- He sought an independent body to decide salary for lawmakers
- Varun Gandhi also questioned the justification of the lawmakers' demand
- In the UK, an independent body advises the government on lawmakers' pay
Over the last 10 years, members of Parliament have raised their own salaries by up to 400 per cent, the BJP lawmaker said. The corresponding rise in UK was only 13 per cent. "Have we really earned this massive increment?" Mr Gandhi told the Lok Sabha. The repeated demands, he said, raise questions about the "moral compass of the House".
Last year, Prime Minister Narendra Modi's Office had discouraged 250 lawmakers, who had signed an appeal for a huge salary hike, from pursuing the matter. But the issue came up in parliament last week, with Samajwadi Party member Naresh Agarwal saying lawmakers currently earn less than their secretaries. Admitting that it looks like they were "begging for money", the Rajya Sabha member said, "We want our salaries to be Rs 1,000 more than cabinet secretary."
Mr Gandhi questioned the justification of the lawmakers' demand, citing how much work was done in the last few sessions of parliament.
The Winter Session, he said, almost hit a record low, with only 16 per cent bills passed. The session had been a washout following repeated interruptions and protests from the opposition. Taxation bills, he said, were passed within two weeks without being referred to a committee. Forty-one per cent bills introduced have been passed without discussion, Mr Gandhi said.

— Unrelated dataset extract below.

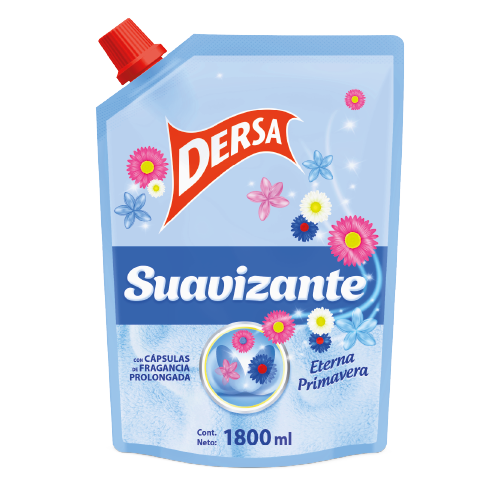 DERSA SUAVIZANTE ETERNA PRIMAVERA 1800ML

It was also "shameful" that Lok Sabha sittings have fallen from 123 days a year in 1952 to 75 days in 2016, Mr Gandhi added.

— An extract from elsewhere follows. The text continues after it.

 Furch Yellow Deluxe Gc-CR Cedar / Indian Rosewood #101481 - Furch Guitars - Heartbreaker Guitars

Referring to opposition allegations that important laws such as the Aadhaar bill have been rushed through the House, he said when bills are passed without serious deliberation, it "defeats the purpose of having a parliament".
The 37-year-old BJP lawmaker drew the House's attention to the farmers' protests in New Delhi which has been on for nearly four months. While the protesters from Tamil Nadu were trying to highlight the spiralling suicides by farmers, the state assembly hiked the salaries of its legislators on July 19. It sent a "broad message of insensitivity", Mr Gandhi said.
In the UK, an independent body advises the government on pay and pension matters of lawmakers, Mr Gandhi pointed out. India, he said, should create a similar body. "If we self-regulate, considering the economic conditions of the last man in the society, we must forego our privileges, at least for the duration of this parliament," the lawmaker said.